> _Caption-style text data_

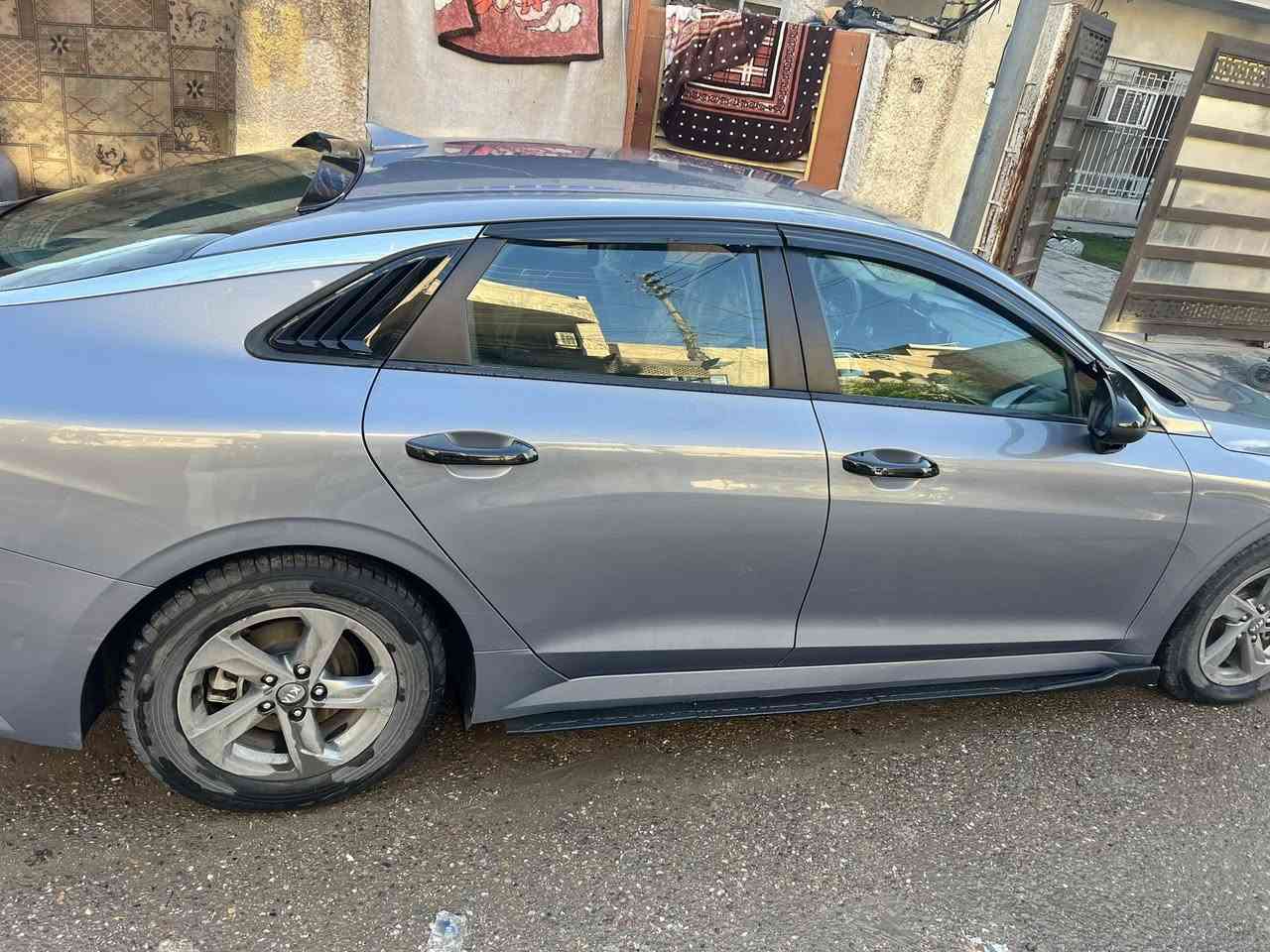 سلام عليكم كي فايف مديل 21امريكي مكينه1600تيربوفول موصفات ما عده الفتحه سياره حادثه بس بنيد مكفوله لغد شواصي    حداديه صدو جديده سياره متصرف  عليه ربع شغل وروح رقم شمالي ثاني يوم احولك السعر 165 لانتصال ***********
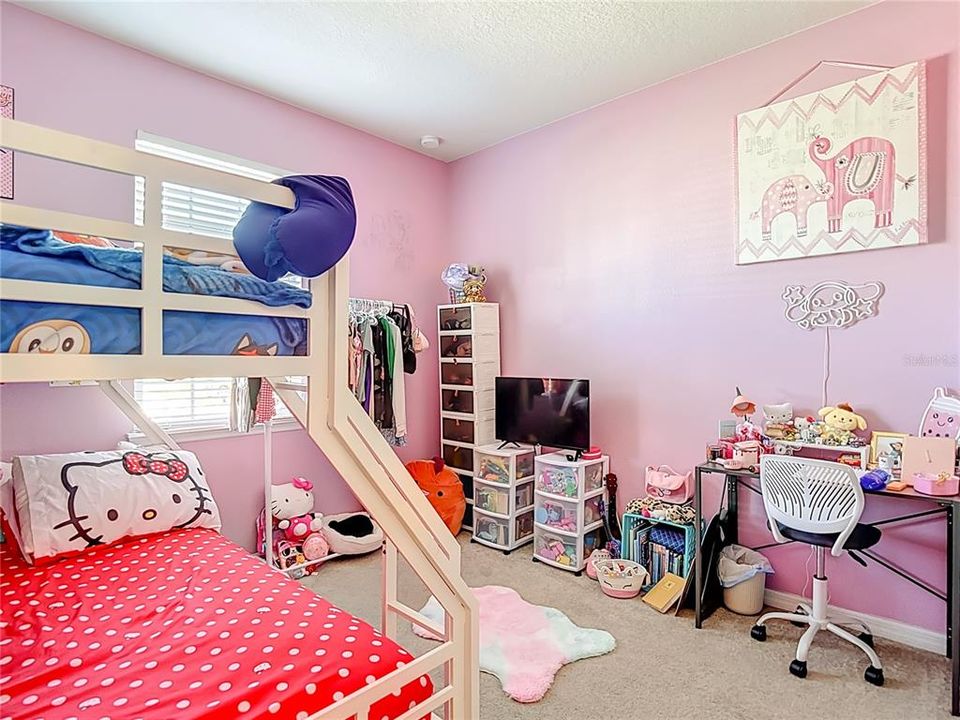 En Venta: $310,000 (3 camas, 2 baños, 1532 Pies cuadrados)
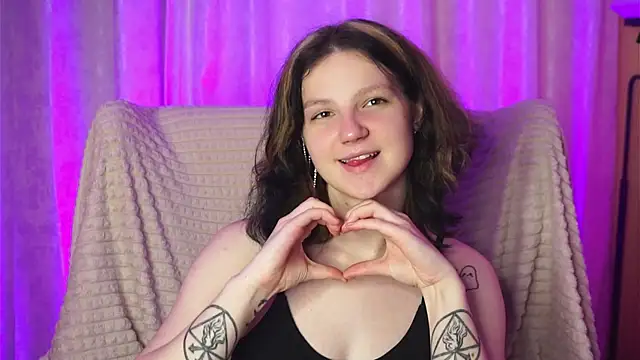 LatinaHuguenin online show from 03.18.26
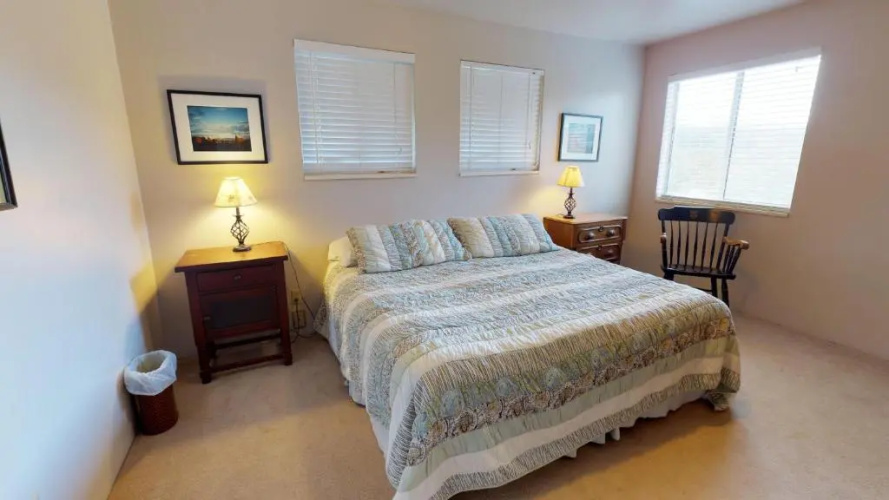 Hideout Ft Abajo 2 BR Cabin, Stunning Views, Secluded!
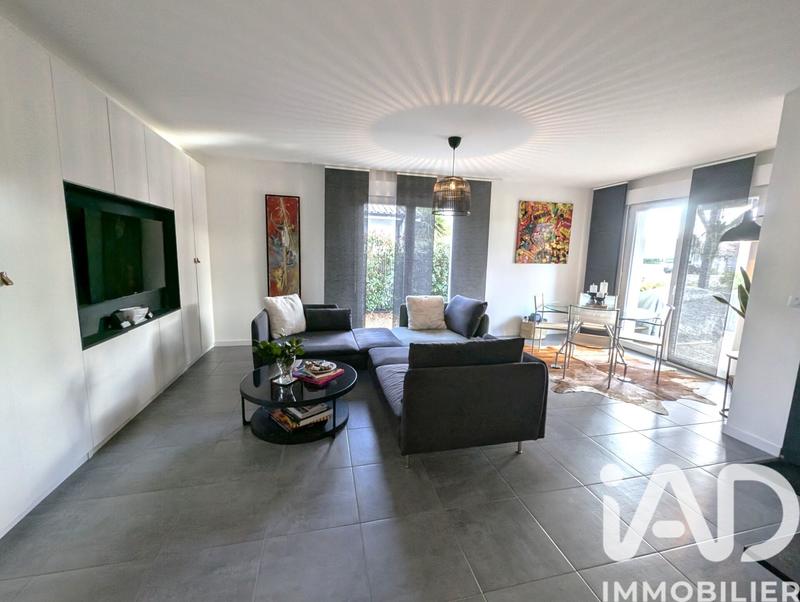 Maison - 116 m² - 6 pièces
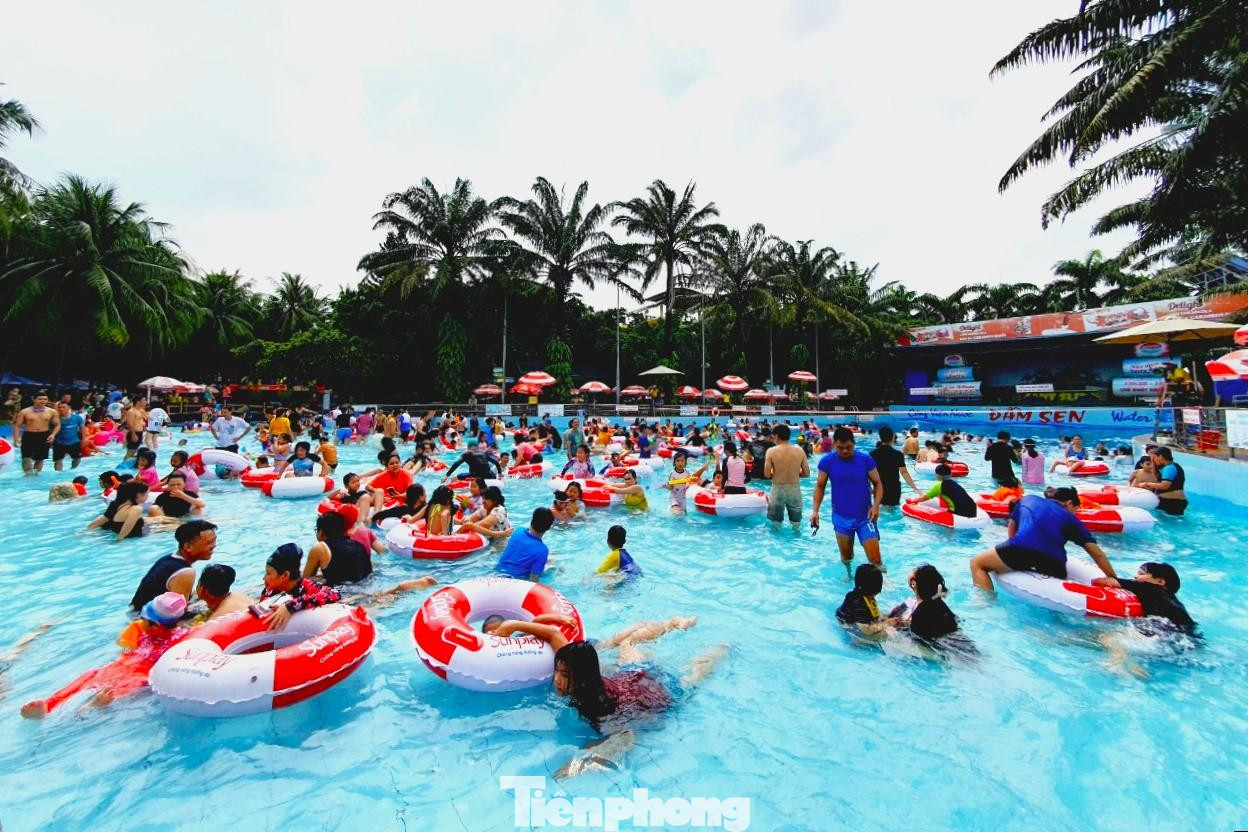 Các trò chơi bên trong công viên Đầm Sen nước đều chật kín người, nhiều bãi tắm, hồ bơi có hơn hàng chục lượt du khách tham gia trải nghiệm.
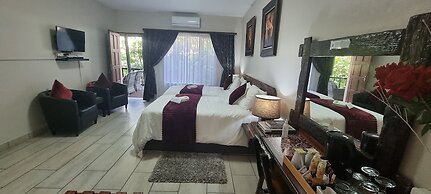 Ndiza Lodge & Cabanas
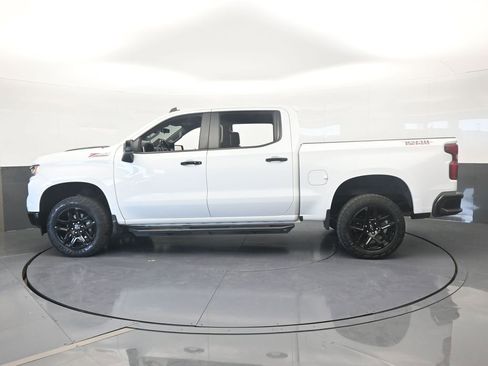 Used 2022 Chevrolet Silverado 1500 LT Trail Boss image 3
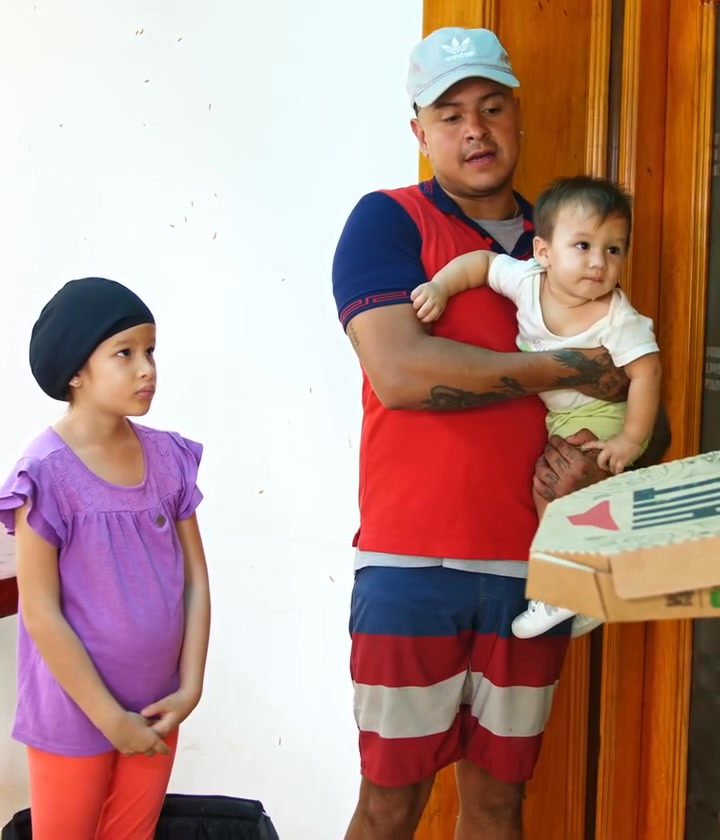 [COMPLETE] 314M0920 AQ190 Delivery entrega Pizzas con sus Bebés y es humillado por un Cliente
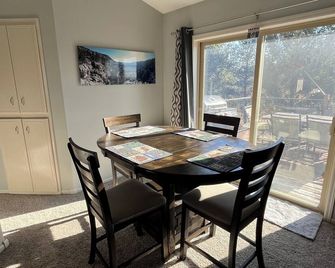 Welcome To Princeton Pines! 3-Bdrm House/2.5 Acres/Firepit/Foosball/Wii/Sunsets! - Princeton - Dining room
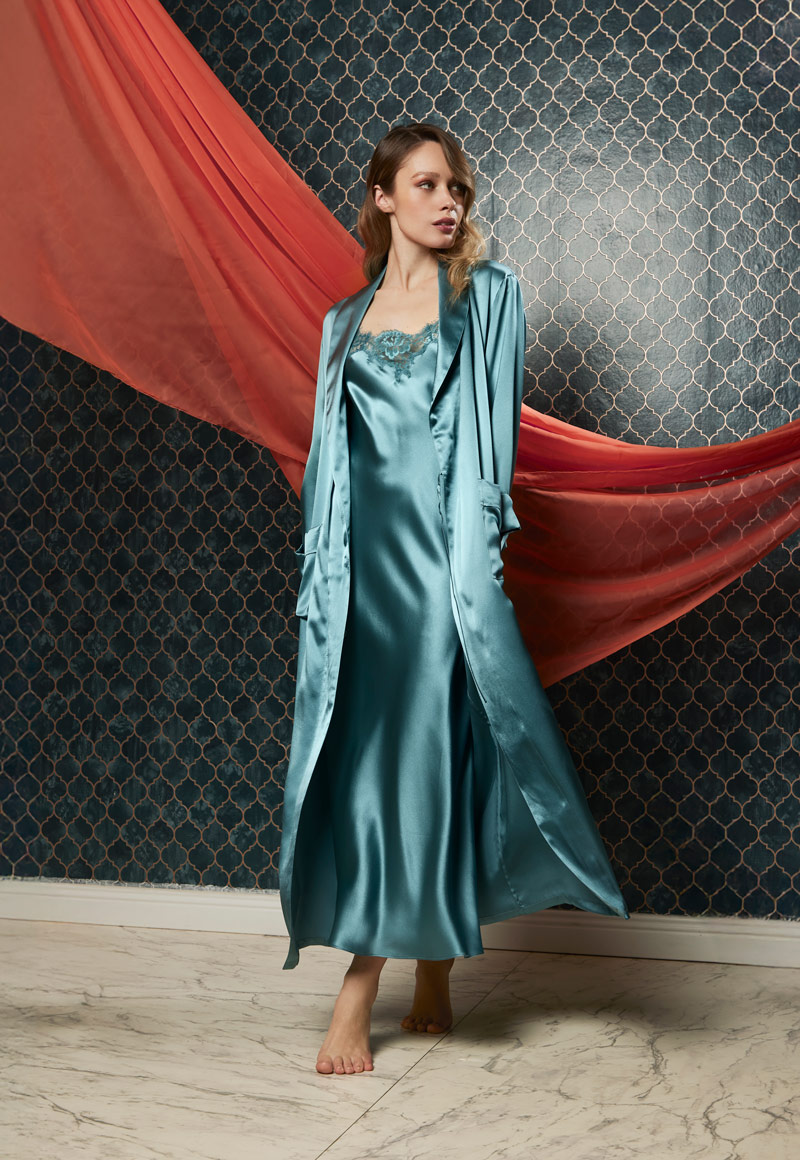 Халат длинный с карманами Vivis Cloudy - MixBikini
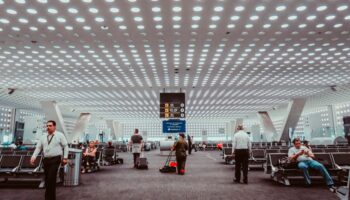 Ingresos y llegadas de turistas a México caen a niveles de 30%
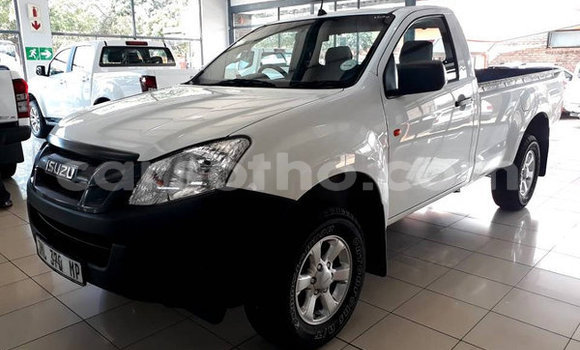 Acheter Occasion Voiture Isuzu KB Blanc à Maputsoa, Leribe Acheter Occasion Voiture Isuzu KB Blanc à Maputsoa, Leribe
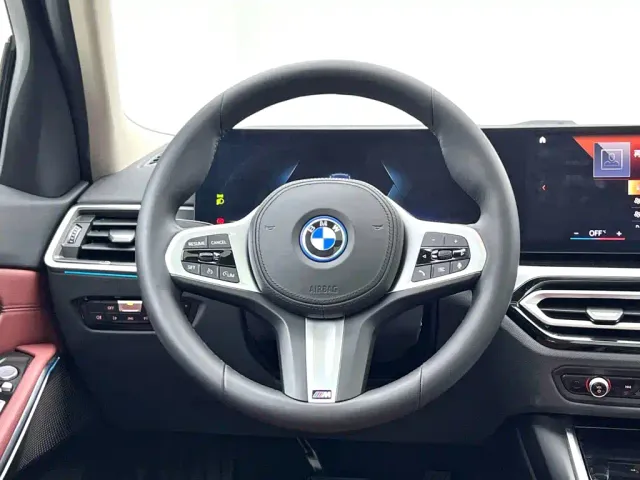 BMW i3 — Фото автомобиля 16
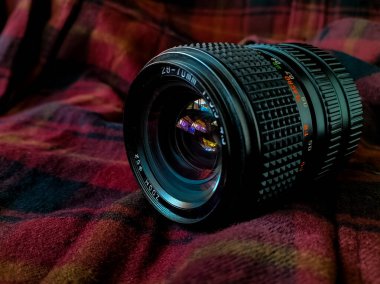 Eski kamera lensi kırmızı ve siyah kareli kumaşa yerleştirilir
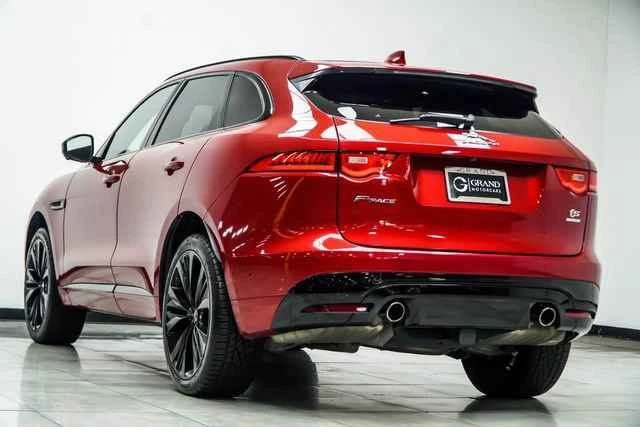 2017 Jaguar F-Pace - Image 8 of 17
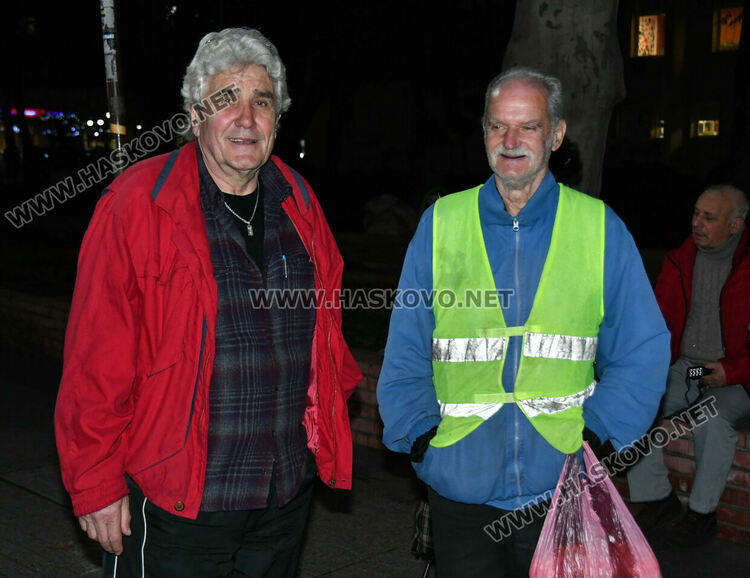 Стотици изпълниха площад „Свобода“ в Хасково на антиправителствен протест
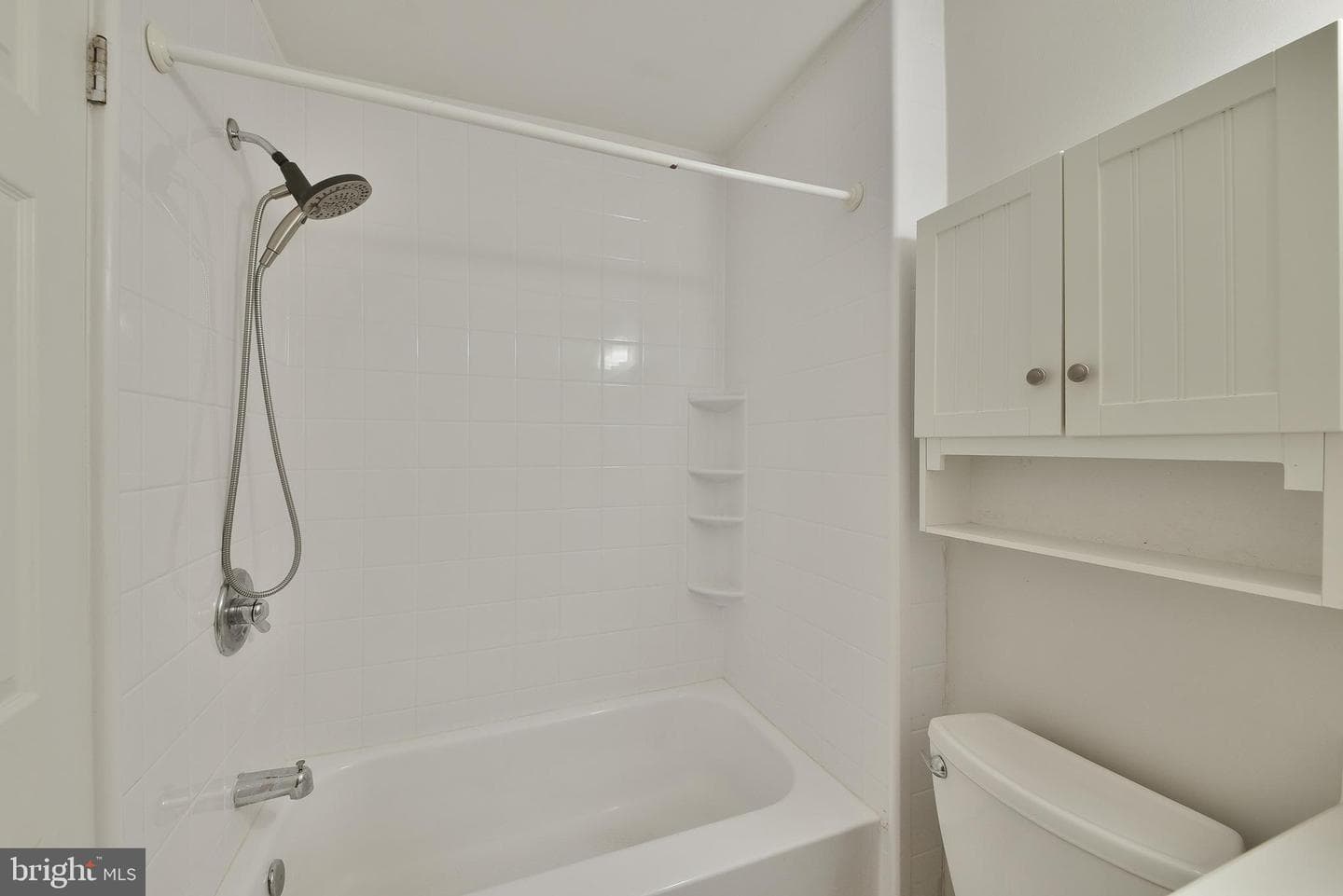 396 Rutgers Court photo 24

> _Task to complete_
Among the entries above, locate the line with "En Venta: $310,000" and the line with "[COMPLETE] 314M0920 AQ190". Give those two lines and all lines between them again, exactly, leaving out the pictures.

> _Response to the exercise_
 En Venta: $310,000 (3 camas, 2 baños, 1532 Pies cuadrados)
 LatinaHuguenin online show from 03.18.26
 Hideout Ft Abajo 2 BR Cabin, Stunning Views, Secluded!
 Maison - 116 m² - 6 pièces
 Các trò chơi bên trong công viên Đầm Sen nước đều chật kín người, nhiều bãi tắm, hồ bơi có hơn hàng chục lượt du khách tham gia trải nghiệm.
 Ndiza Lodge & Cabanas
 Used 2022 Chevrolet Silverado 1500 LT Trail Boss image 3
 [COMPLETE] 314M0920 AQ190 Delivery entrega Pizzas con sus Bebés y es humillado por un Cliente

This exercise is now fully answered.